NPR Shouldn’t Exist But I’m Glad It Does
Many of us who have philosophical objections to public radio nonetheless like the results.
I enjoy having a radio station that isn’t devoted to shouting matches or extremely partisan and that isn’t littered with obnoxious commercials. I enjoy the level, sober reporting and analysis you get at NPR. I realize all of this is made possible by tax dollars, but a big part of me doesn’t care.
The arguments against state-run media are good ones, but I worry that we’d lose a very good source of news if we got rid of NPR.
I don’t listen to NPR as much as I used to, having replaced much of my radio listening with Sirius NFL Radio. But I agree that, despite a leftist bent on some issues, it takes a very thoughtful and unique approach to news. Even Diane Rehm, who I find generally grating, manages to secure some excellent guests and manage thoughtful conversations with them despite her annoying and simplistic editorializing.
Still, I have philosophical objections to the public funding that goes to it. (Although, contra Miller, it’s not “taxpayer funded” but merely “taxpayer supported.” Most of the money comes from corporate sponsors and viewers like you.) Not only do I not think the government should be in the news production business in competition with private enterprises, NPR and its public broadcasting cousins are cases where money is taken from the masses to subsidize the elites.

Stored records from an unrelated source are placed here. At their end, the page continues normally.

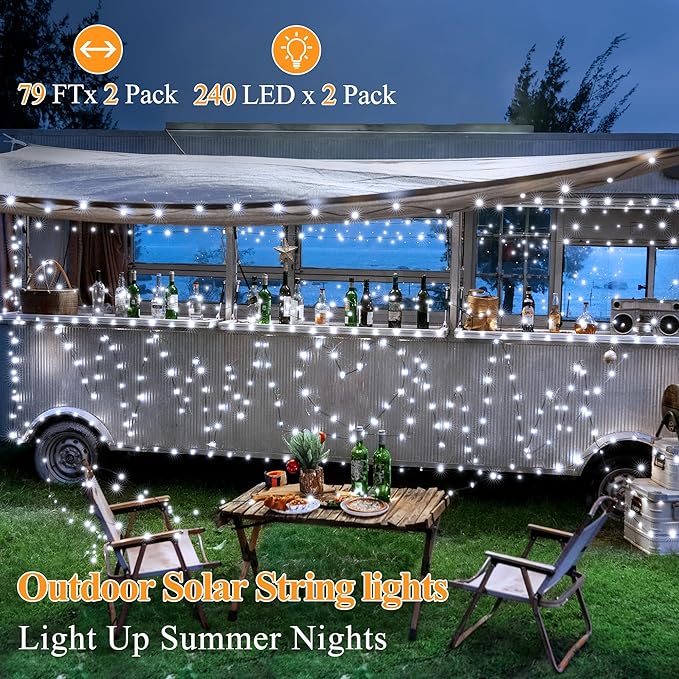 2 Pack Solar String Lights Total 480LED 158FT, IP67 Waterproof Solar Lights for Outside with 8 Modes, Upgraded Solar Panel Fairy Lights for Garden Party Wedding Decorations (Cool White)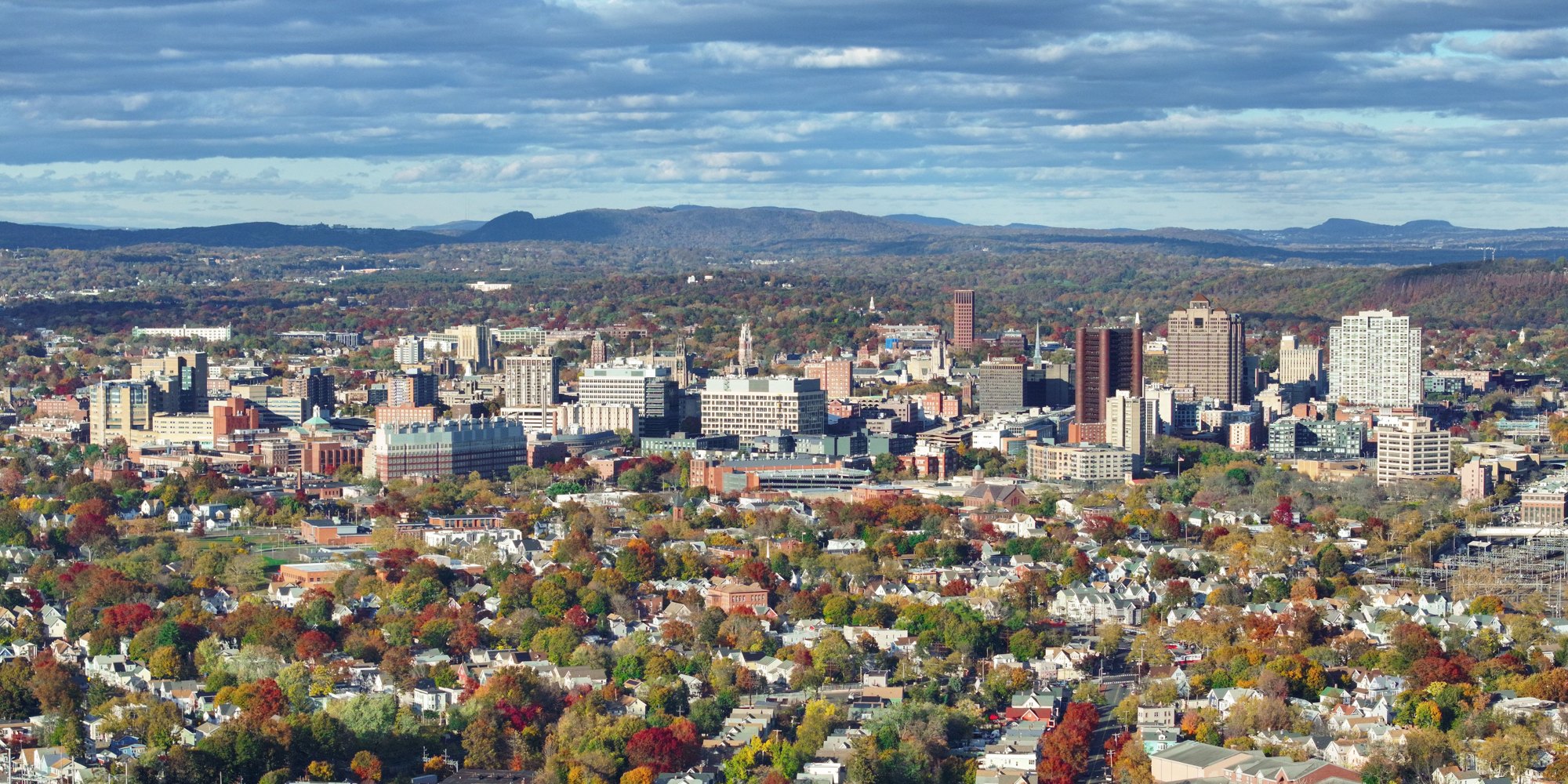 A skyline view of New Haven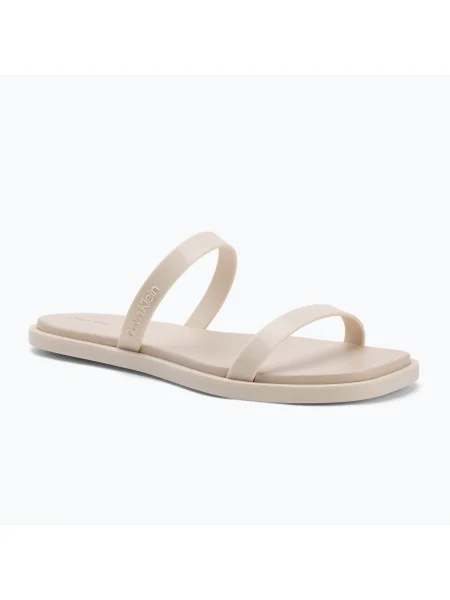 Papuci pentru femei Calvin Klein Double Bar Slide Jelly turtle dove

From time to time, there are moves to kill these subsidies but, because the costs are trivial and the supporters are well connected, they go nowhere. And, as far as government’s acting against my philosophy goes, this is a minor infraction, indeed. So I’ll listen to NPR so long as it’s around in its present format. And, if by some happenstance the “kill the subsidy” forces win, I’ll support private means of supplanting the government portion through subscription, advertising, or whathaveyou.